A final declaration is expected to be submitted to the FAO Conference in November this year and to the 10th Session of the United Nations Conference on Environment and Development (UNCED+10) in September 2002. Participants include policy-makers and administrators in fisheries and ocean management within national and international institutions, scientists, and representatives of the industry, NGOs and other interested parties.

According to FAO, about 50 percent of the world marine fishery resources are fully exploited, 25 percent are overexploited and about 25 percent could support higher exploitation rates. Despite warning, the trend towards more overfishing observed since the early 1970s has not yet reversed.

Global fish production has increased from 19 million tonnes in 1950 to about 130 million tonnes in 2000; this includes 36 million tonnes produced by aquaculture. Most of the capture fisheries (estimated at 85 million tonnes) come from the oceans. Bycatch and discards are estimated at about 20 million tonnes per year.

The main challenges facing fisheries today include: overfishing; overcapacity; environmental impact of fishing; illegal, unregulated and unreported fishing; poor selectivity and discarding and the environmental state of the coastal zone; fish trade and ecolabelling.

"Despite some apparent success stories, fisheries governance failed to maintain stocks at their level of maximum productivity," said Serge Garcia, Director of FAO's Fishery Resources Division, in a paper presented to the meeting. "It is generally agreed that the fundamental reason for the failure is in the free and open access to the resources and the lack of specific fishing rights."

Total fish catches from the Northwest and the Southeast Atlantic are levelling off after reaching their maximum levels a decade or two ago," Garcia said. "In the Eastern Central Atlantic and the Northwest Pacific, total catches are increasing again, after a short decline following their maximum production levels of a decade ago. Most of these changes result from increases in landings of small pelagic species."
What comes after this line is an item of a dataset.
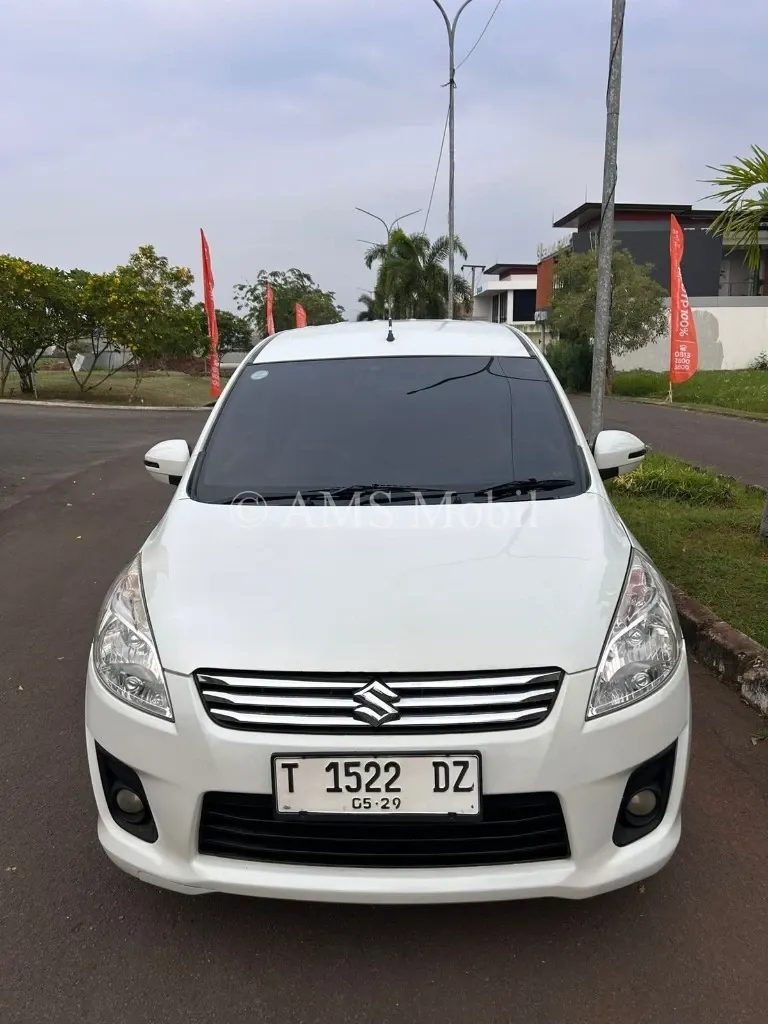 ERTIGA GX MT 2014 — foto utama arsip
In the Northeast Atlantic, the Western Central Atlantic, the Northeast Pacific, the Mediterranean and Black Sea, the Eastern Central Pacific and the Southwest Pacific, annual catches have stabilised or are declining slightly, having reached their maximum potentials a few years ago. In the Southwest Atlantic and the Southeast Pacific, total annual catches have declined sharply only a few years after reaching their all-time highs. These areas have been seriously affected by the decline, and in some cases the serious depletion, of important stocks (shortfin squid, hake, anchoveta and horse mackerel).
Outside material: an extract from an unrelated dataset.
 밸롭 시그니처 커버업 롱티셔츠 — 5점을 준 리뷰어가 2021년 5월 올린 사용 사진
During the last few years, the number of fishing vessels tended to decrease in developed countries and to increase in some developing countries. After years of fast growth in the 1960s and 1970s the total fleet has tended to stabilise. Technological developments, however, have increased the fishing capacity of individual vessels. The pressure from over-dimensioned industrial fleets on stocks and small-scale fisheries has grown significantly, according to FAO.
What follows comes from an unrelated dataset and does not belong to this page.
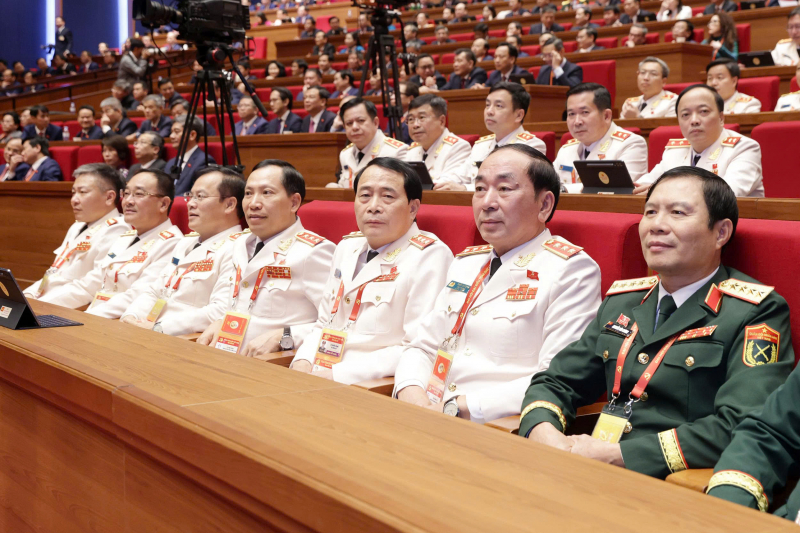 19 đồng chí được Ban Chấp hành Trung ương Đảng khoá XIV bầu vào Bộ Chính trị- Ảnh 3.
Despite limited progress in some areas, on a global scale, marine degradation has continued and even intensified in most places, FAO said. Aside from overfishing, the main problems are: alteration and destruction of wetlands, mangroves and coral reefs through landfill, sedimentation, pollution from sewage, river runoff and atmospheric contamination.

As alterations increase, the most resilient species are selected. As these are rarely the most appreciated on the market, this leads to loss of market value. There is a danger that seafood safety is reduced through contamination by toxic algal blooms, human pathogens (cholera and typhoid), sewage, harmful chemicals (pesticides, antibiotics, fungicides, dioxins).

"A focus on the entire ecosystem and not only on individual stocks is urgently needed to protect and utilize marine resources," Garcia said. "Governments should take the problems of fisheries more seriously and industry should be more involved in the sustainable management of the sector. In addition, the instruments already at hand need to be applied to better protect fish stocks at risk."